- _WHAT IS REQUIRED_
Below are the entries. Print only the lines starting at the one with "Raw Pyrite on" and ending at the one with "image for item", exactly, with no pictures.

- _SUPPLIED DATA_
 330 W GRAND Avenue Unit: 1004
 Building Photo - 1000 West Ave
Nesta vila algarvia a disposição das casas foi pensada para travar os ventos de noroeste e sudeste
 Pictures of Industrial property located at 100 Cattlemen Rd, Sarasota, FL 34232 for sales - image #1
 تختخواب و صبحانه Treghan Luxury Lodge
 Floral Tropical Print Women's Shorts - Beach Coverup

...

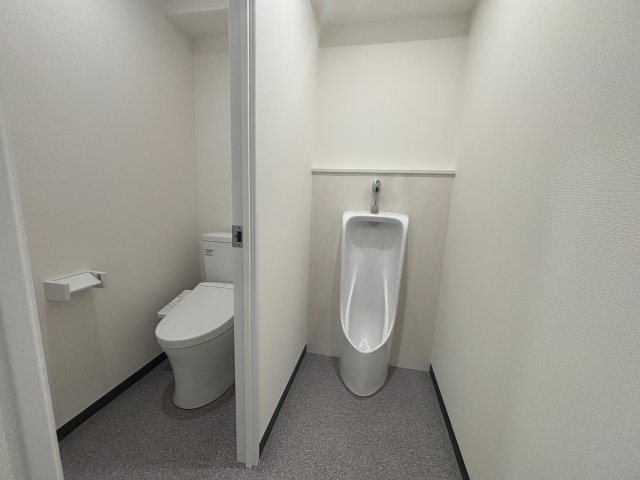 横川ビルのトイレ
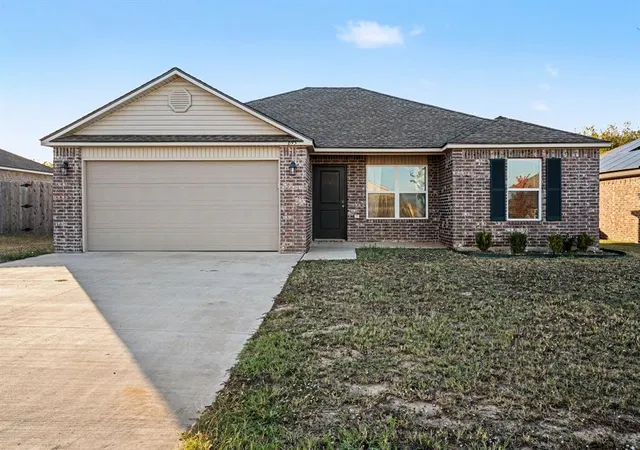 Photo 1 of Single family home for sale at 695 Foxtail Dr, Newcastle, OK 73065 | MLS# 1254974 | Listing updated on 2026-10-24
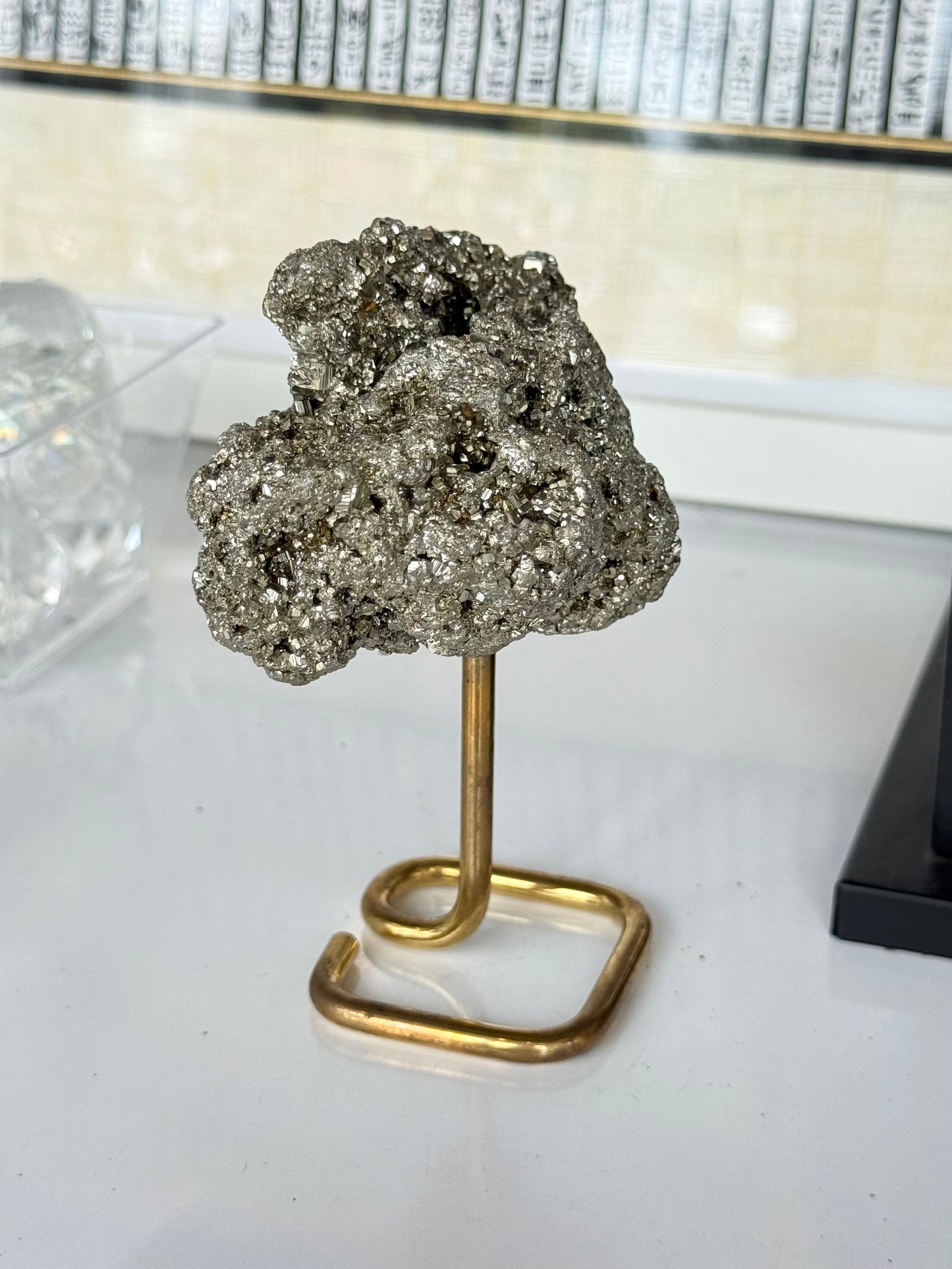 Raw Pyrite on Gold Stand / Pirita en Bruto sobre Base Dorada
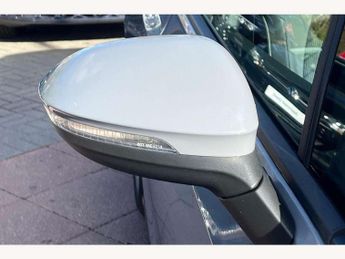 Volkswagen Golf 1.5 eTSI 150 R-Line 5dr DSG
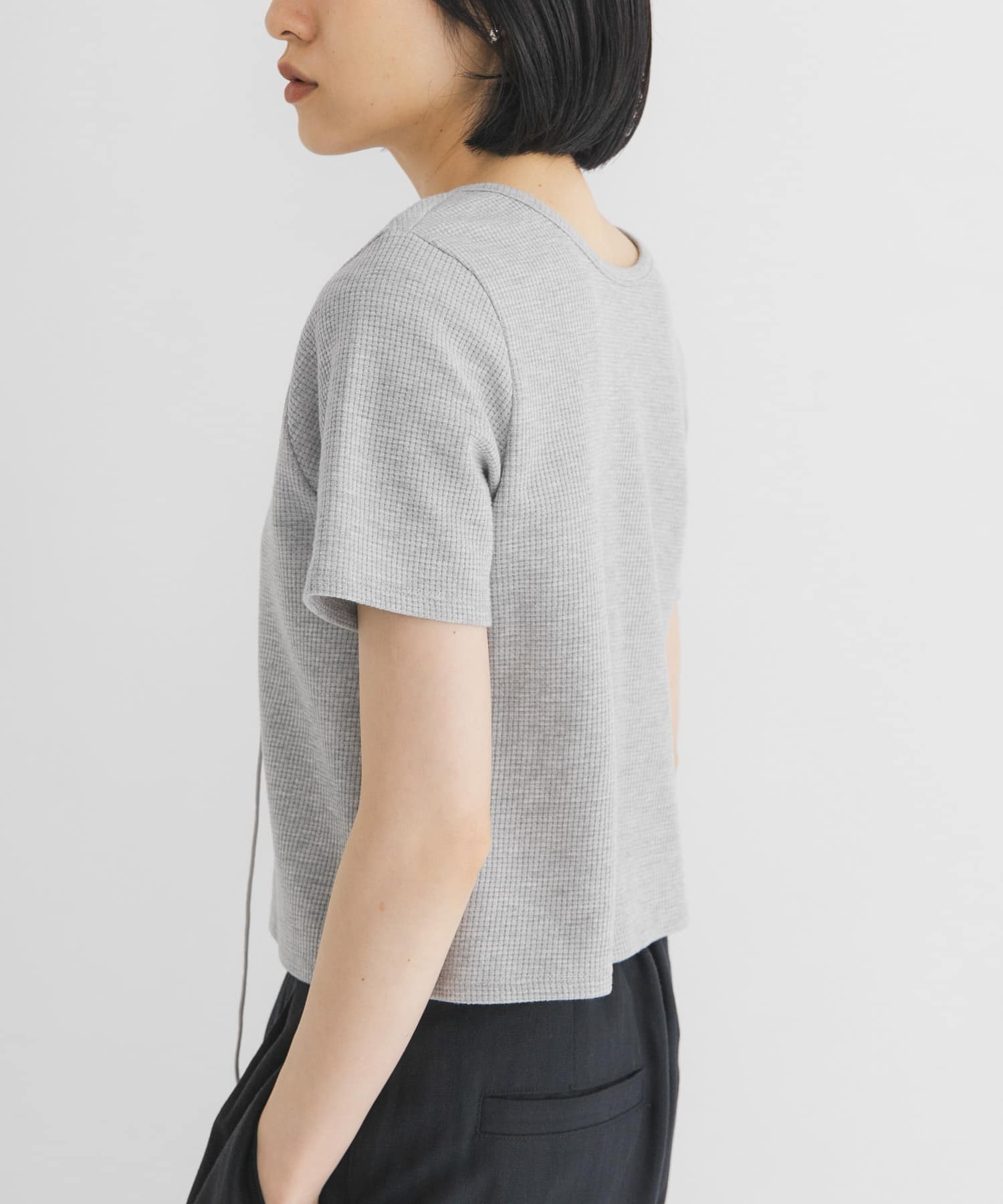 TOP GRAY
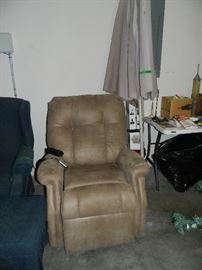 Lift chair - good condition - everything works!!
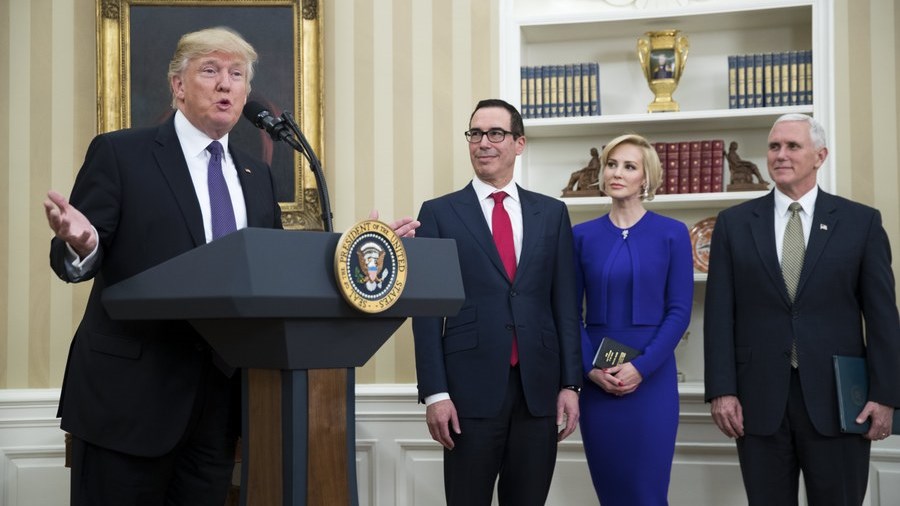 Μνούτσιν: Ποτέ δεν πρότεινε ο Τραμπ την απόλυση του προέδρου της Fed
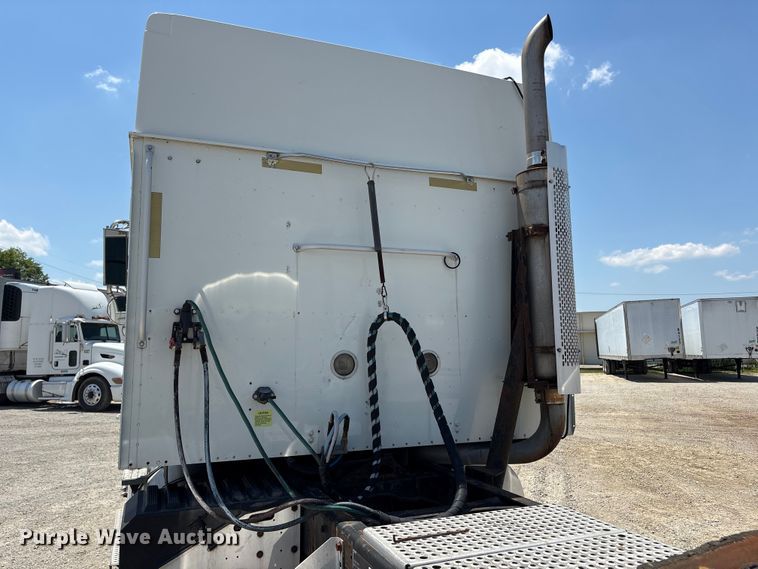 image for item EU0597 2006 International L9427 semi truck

- _OUTPUT BELOW_
 Raw Pyrite on Gold Stand / Pirita en Bruto sobre Base Dorada
 Volkswagen Golf 1.5 eTSI 150 R-Line 5dr DSG
 TOP GRAY
 Lift chair - good condition - everything works!!
 Μνούτσιν: Ποτέ δεν πρότεινε ο Τραμπ την απόλυση του προέδρου της Fed
 image for item EU0597 2006 International L9427 semi truck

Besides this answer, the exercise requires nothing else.